Soddisfatto il presidente della Fondazione Barumini Emanuele Lilliu, che dichiara: «Il nostro obiettivo è quello di lavorare in sinergia con le varie istituzioni, per la tutela del patrimonio archeologico e culturale. A breve con la collaborazione dell’Università di Cagliari dovremmo ospitare tanti studenti nella nostra Scuola di Restauro, che tra l’altro, porteranno importanti benefici economici per l’intero territorio».

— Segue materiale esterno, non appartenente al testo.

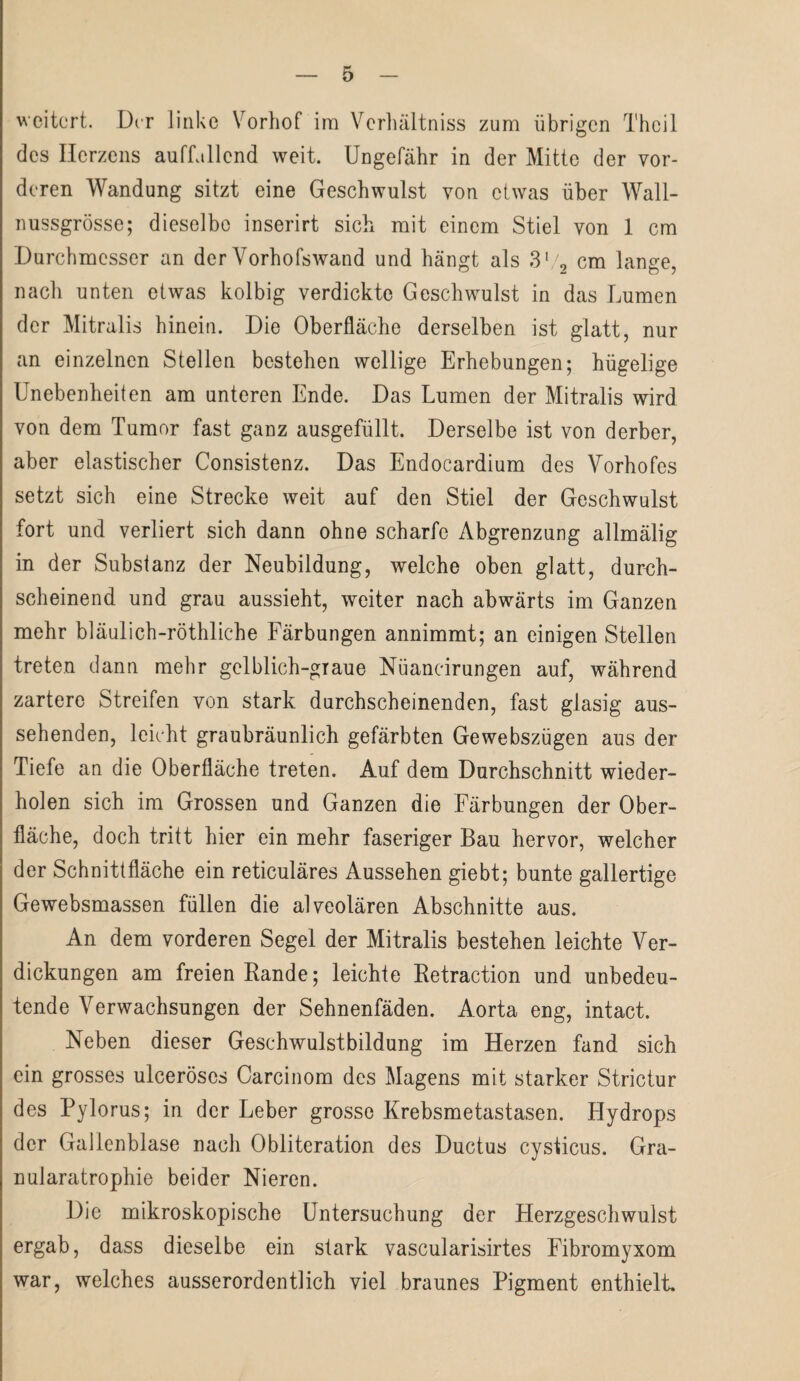 weitert. Der linke Vorhof im Verhältnis zum übrigen Theil des Herzens auffallend weit. Ungefähr in der Mitte der vor¬ deren Wandung sitzt eine Geschwulst von etwas über Wall¬ nussgrösse; dieselbe inserirt sich mit einem Stiel von 1 cm Durchmesser an der Vorhofswand und hängt als 3V2 cm lange, nach unten etwas kolbig verdickte Geschwulst in das Lumen der Mitralis hinein. Die Oberfläche derselben ist glatt, nur an einzelnen Stellen bestehen wellige Erhebungen; hügelige Unebenheiten am unteren Ende. Das Lumen der Mitralis wird von dem Tumor fast ganz ausgefüllt. Derselbe ist von derber, aber elastischer Consistenz. Das Endocardium des Vorhofes setzt sich eine Strecke weit auf den Stiel der Geschwulst fort und verliert sich dann ohne scharfe Abgrenzung allmälig in der Substanz der Neubildung, welche oben glatt, durch¬ scheinend und grau aussieht, weiter nach abwärts im Ganzen mehr bläulich-röthliche Färbungen annimmt; an einigen Stellen treten dann mehr gelblich-graue Nüancirungen auf, während zartere Streifen von stark durchscheinenden, fast glasig aus¬ sehenden, leicht graubräunlich gefärbten Gewebszügen aus der Tiefe an die Oberfläche treten. Auf dem Durchschnitt wieder¬ holen sich im Grossen und Ganzen die Färbungen der Ober¬ fläche, doch tritt hier ein mehr faseriger Bau hervor, welcher der Schnittfläche ein reticuläres Aussehen giebt; bunte gallertige Gewebsmassen füllen die alveolären Abschnitte aus. An dem vorderen Segel der Mitralis bestehen leichte Ver¬ dickungen am freien Rande; leichte Retraction und unbedeu¬ tende Verwachsungen der Sehnenfäden. Aorta eng, intact. Neben dieser Geschwulstbildung im Herzen fand sich ein grosses ulceröses Carcinom des Magens mit starker Strictur des Pylorus; in der Leber grosse Krebsmetastasen. Hydrops der Gallenblase nach Obliteration des Ductus cysticus. Gra- nularatrophie beider Nieren. Die mikroskopische Untersuchung der Herzgeschwulst ergab, dass dieselbe ein stark vascularisirtes Fibromyxom war, welches ausserordentlich viel braunes Pigment enthielt.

Ed infine la notizia tanto attesa, è stata quella che a breve ricominceranno i lavori di scavo a Nuraxi ‘e Cresia, situato sotto il palazzo medioevale dei Marchesi Zapata, e visitabile dall’alto tramite passerelle e camminamenti in legno e in vetro.
Tante sono le bellezze archeologiche e culturali che non finiscono mai di stupire gli addetti del settore, ma anche la popolazione del territorio e le decine di migliaia di turisti che si recano a visitarle.